Without those claims they would not be in the public eye at all, or only in a minor capacity. The claims made have certainly given them a higher profile, if only for a while.

The second curious factor is that those who claim they were abducted, or for whom abduction claims are made, never make formal reports, in fact, they go out of their way not to tell the police anything they remember and know. 

Yet kidnapping is a very serious criminal offence, one for which a life sentence is technically possible and we have seen 20 years plus dished out. 

Prolonged assault, and regardless of whether anyone is hit or not the sort of treatment claimed in social media reports would constitute serious assault, and again this is in the upper ends of criminal activity.

Most people who have been kidnapped and badly mistreated co-operate with the police because they want to see the kidnapper and those who assaulted them in court, being convicted and then disappearing for a lot of years. 

Even if identification is difficult and evidence is not good enough for a conviction then civil actions are the obvious second string, where the test is the balance of probabilities not proof beyond reasonable doubt, and where you can sue the boss of those you think kidnapped you if you reckon there was an organisation behind the kidnapping. 

You can even do both, since criminal law and civil actions are not mutually exclusive.

But we get nothing like this, not even an attempt to use the law, despite the independence of the courts, their imperviousness to pressure and the powers that courts have to summon witnesses and even to demand that the police explain what they are doing to investigate a complaint. 

Even if people feel they cannot trust the police and the courts to act, one would assume they would want to have their story on record.
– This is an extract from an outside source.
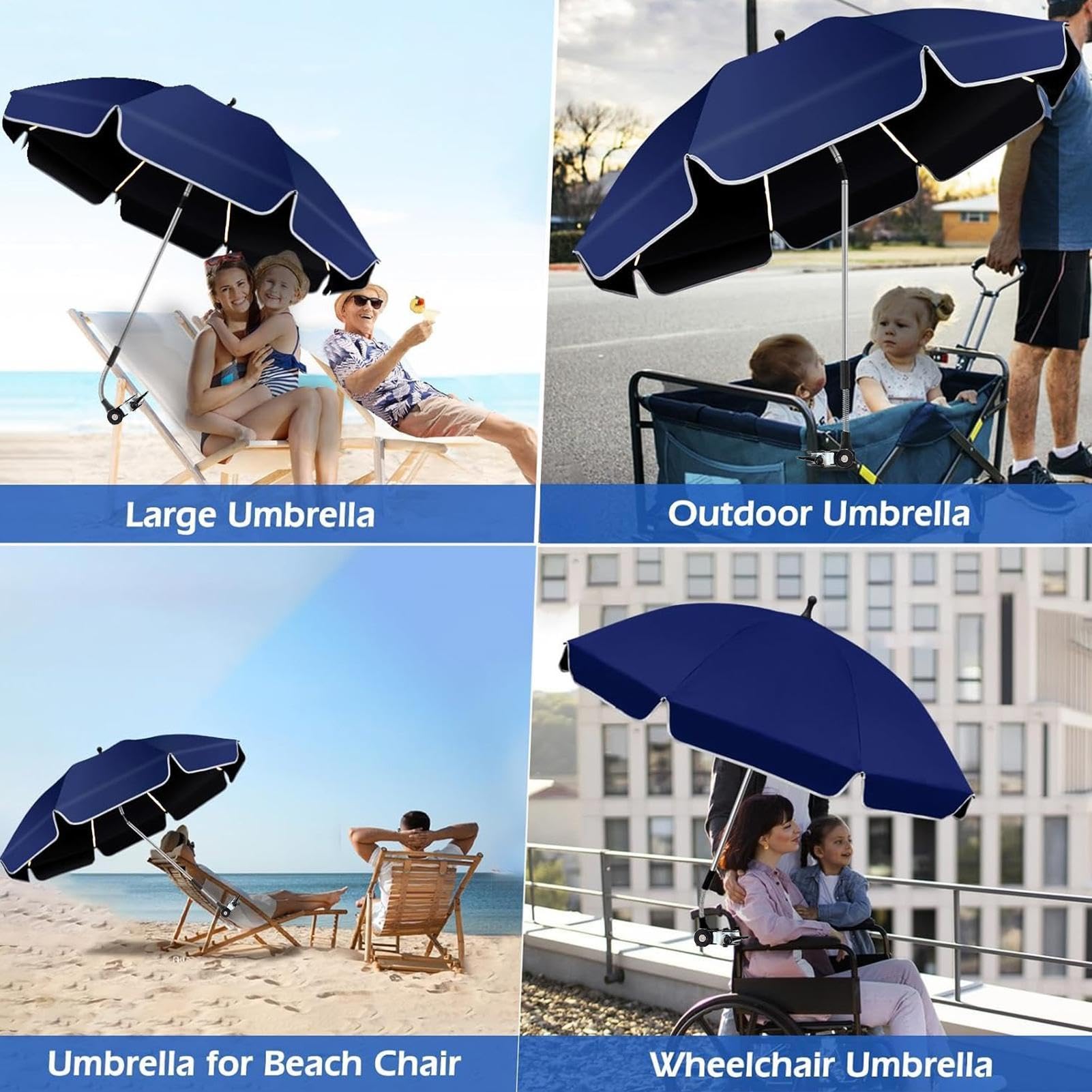 Parasol na krzesło z zaciskiem - Regulowana kopuła przeciwsłoneczna 360° z klipsem | Parasol z zaciskiem balustrady krzesła | Na wakacje na plaży patio ogród na zewnątrz kemping balkon wędkarstwo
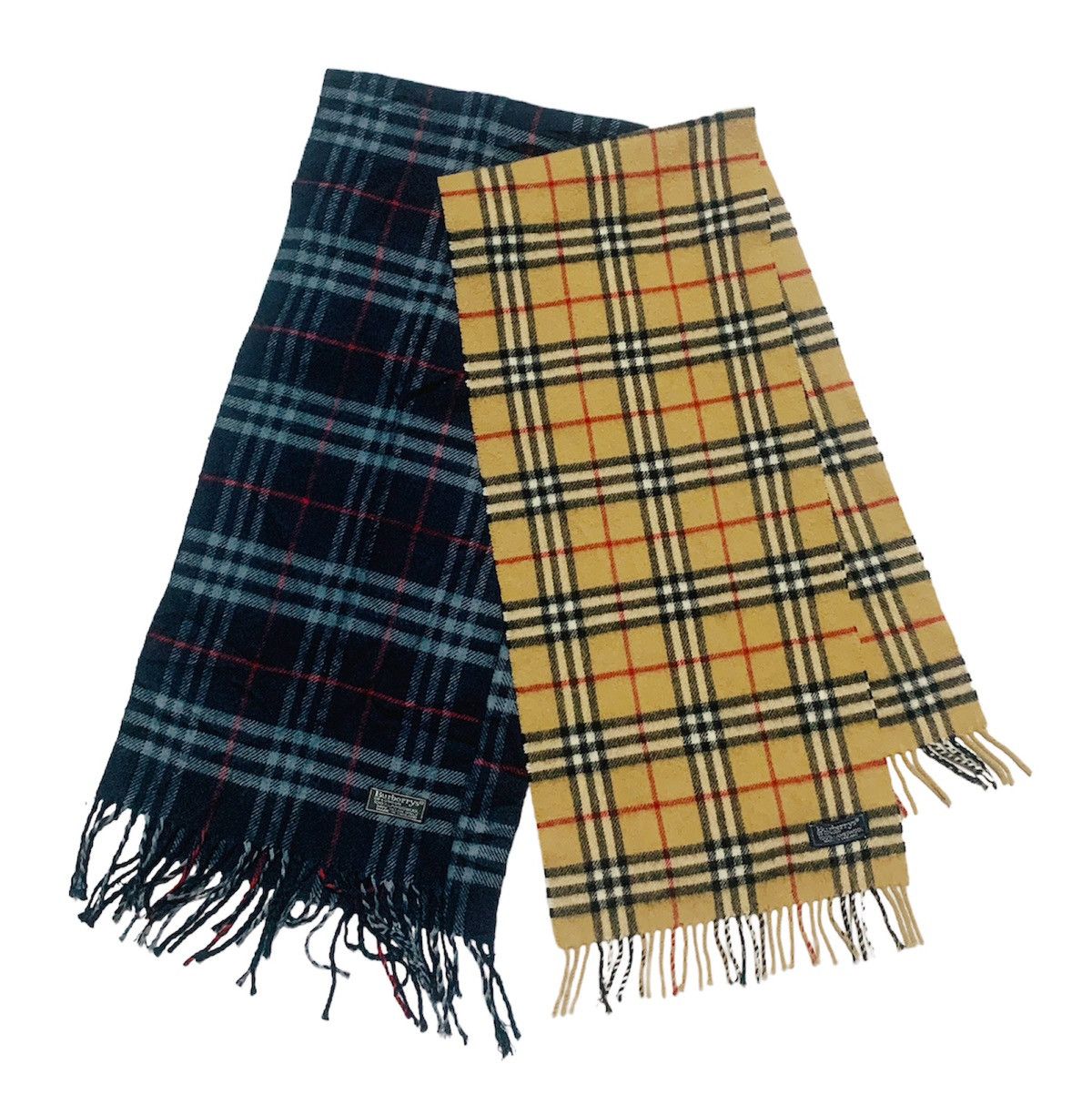 LOT OF 2 VINTAGE BURBERRY ENGLAND NOVA CHECK LAMBWOOL SCARF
But no.

Of course, it is an offence to make a false report to the police, knowing it to be false since mistakes, even big mistakes, in a report are not regarded as criminal. 

And testifying to deliberate falsehoods under oath in court is perjury, another criminal offence.

We now have two young women in court over abduction claims involving themselves and a co-accused who has gone on a long holiday outside the country. 

Their defence is that they never made such claims and the State case is that they did and that there was no abduction in any case.

These are factual matters that the court is quite competent to adjudicate, and the two young women have lawyers so the court will be given all evidence.

A lot of people will be interested in the result, and possibly in the result of any appeals, but the matter is finally, after a large number of delays, now in a court.

One curious point is that the assertion that the two did not make any claims of abduction is only now coming to light, two years after the initial arrest. 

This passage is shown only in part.